Intervaltraining. Echt snel wilden de benen niet meer gaan. Ik besloot mijn zeshonderden dan maar op eigen tempo af te werken maar was toch nog tevreden over mijn tijden. Ik moet wel diep geweest zijn want ik kreeg tijdens het loslopen een fameuze tik van de hamer. Een appelflauwte die door te eten en te drinken weggedreven werd. Morgen biedt zich iets rustiger aan, het geeft me de tijd om te recupereren.

dinsdag 14 april 2009

Stage: dag 2

De eerste training op de piste. De eerste keer het zuur in de benen. De accommodatie is prima, de sfeer is goed. En de eerste persoonlijke records zijn gevallen. Een champagnekurk vijftien meter ver schieten, probeer het zelf maar eens. Niet evident. Alle gekheid op een stokje, vooraleer jullie beginnen te denken dat wij hier continu aan het feesten zijn: wij hebben vandaag stevig getraind. ’s Voormiddags een weerstandstraining, ’s namiddags een duurloop. Wij vieren vandaag een jarige, en dan mag/moet er gefeest worden.

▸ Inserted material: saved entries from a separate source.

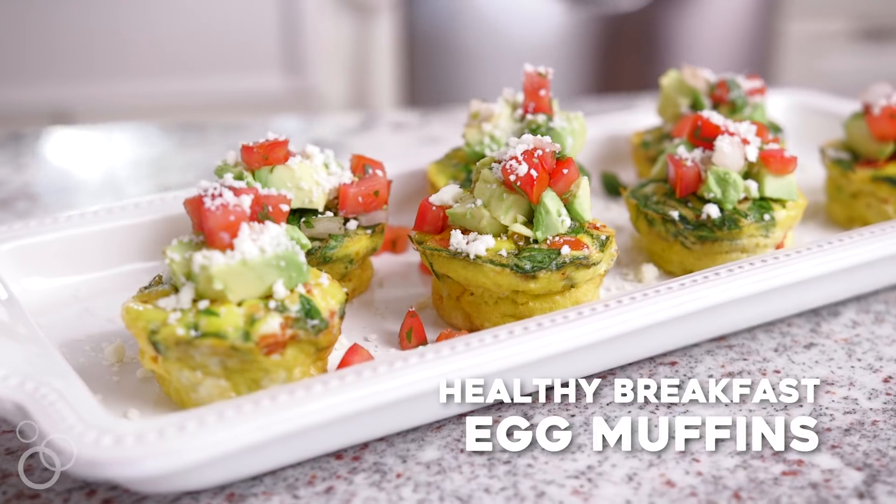I'm Kelly from Just A Taste, and when it comes to quick and easy early morning options, it does not get much better than these healthy breakfast egg muffins. What I love about this recipe is it's basically an omelet sans the fork, and they can be as healthy or as indulgent as you want.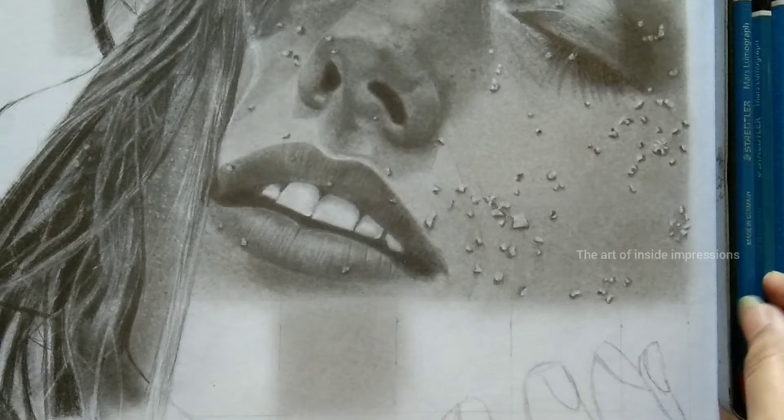Hello my art viewers, welcome back to my channel. You are seeing the art of inside impressions and this is Artist Bhafna.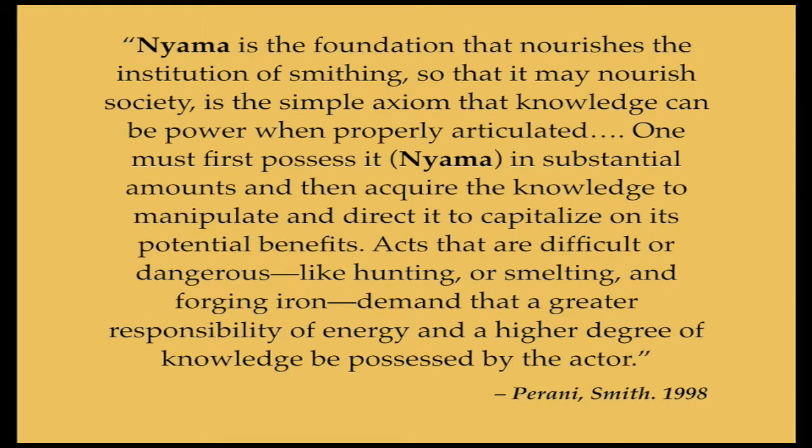Nyama is the foundation that nourishes the institution of smithing, so that it may nourish society. It is the simple axiom that knowledge can be powerful when properly articulated. One must first possess Nyama in substantial amounts and then acquire the knowledge to manipulate and direct it to capitalize on its potential benefits. Acts that are difficult or dangerous, like hunting or smelting and forging iron, demand a greater responsibility of energy and a higher degree of knowledge be possessed by the actor. — Pirani Smith, 1998.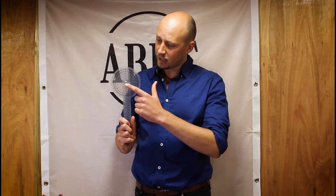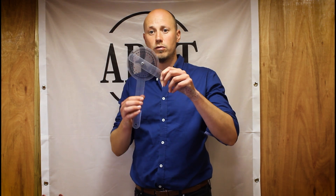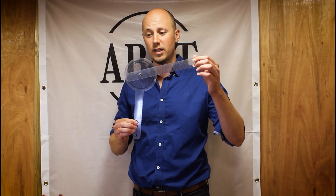A goniometer is ultimately a large protractor which allows the practitioner to obtain an objective measurement of joint range of movement. Goniometers have three main components: the axis or centre point, which is placed over the axis of the joint; the stationary arm, which remains static; and the movable arm, which follows the limb. The therapist can then compare the start and end position of the movement and take a reading measured in degrees.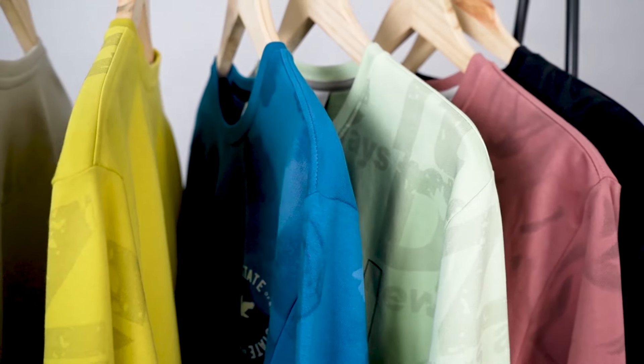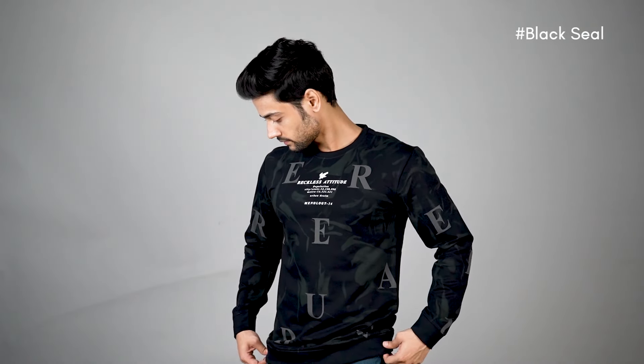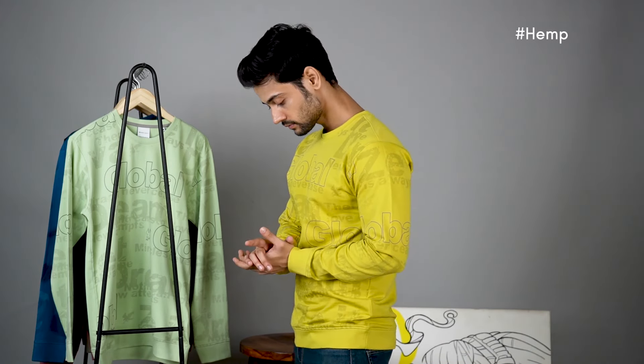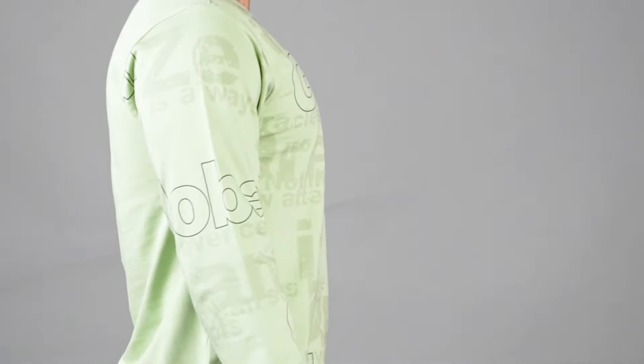In all the colors, you can see different graphic prints. And the colors are: Gray Point, Black Sea, Pastel Rose, Leather Louis Blue, and Spring Bud.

Het zonnetje is van de partij, vergezeld van een lichte zeebries. Mijn aangezicht heeft dezelfde kleur als de vuurtoren in de haven: vuurrood. De avond bracht ons een prachtige zonsondergang. Op naar dag 3.

maandag 13 april 2009

Stage: dag 1

De eerste dag La Rochelle verliep beter, veel beter dan verhoopt. De achthonderd kilometer werd in acht uur afgehaspeld. Een halte van amper dertig minuten na vijfhonderd kilometer gereden te hebben, volstond om ons ter plekke te brengen, veertig minuten nadat de treinreizigers aangekomen waren. ’s Avonds werd de trainer een eerste nederlaag in het kleurenwiezen aangesmeerd, en dat was al lang, heel lang geleden. Een voorwaar perfect begin van de stage.

Tussen aankomst en slapengaan hebben we de overwinning van Tom meegemaakt. Niettegenstaande we in het land van de grootste wielerklassieker die er bestaat zijn, althans dat is wat de Fransen zelf van hun Paris-Roubaix vinden, hebben we alles moeten volgen via Europe 1 en de autoradio van de trainer. Nergens was er een televisietoestel te bespeuren.

Ziezo, dag één is achter de rug. De eerste verkenningsloop ook. De trainingsarbeid kan beginnen.

maandag 6 april 2009

Ren je rot

De eerste weerstandstrainingen hebben we er op zitten. De korte pijn. Zo omschrijf ik dat. Vier keer zeshonderd meter moeten afleggen, kan je bezwaarlijk lang noemen. Pijnlijk wordt het wanneer je dat zo snel mogelijk probeert te doen. Het gevoel van dikke benen die weigeren de knieën te heffen waardoor de pas steeds korter en korter wordt. De ziel uit je lijf rennen, je rot rennen.

Ren je rot. Als kind één van mijn favoriete programma’s op tv. De Nederlandse tv wel te verstaan. We keken toen naar niets anders dan naar Nederland 1 en 2. De Film van “Ome Willem”, “Stuif ’s In” en natuurlijk “Ren Je Rot”. Zo wordt het op Wikipedia omschreven: “Presentator Martin Brozius stelde een meerkeuzevraag, riep: Rrren jjje rrrot en de deelnemende kinderen renden naar het vak van hun keuze. Was het goed, dan pakten ze een bal, gooiden die in een cilinder en de groep met de meeste ballen won. “ Eind vorige maand overleed Martin Brozius. Weer één van mijn jeugdhelden die ons verlaten heeft.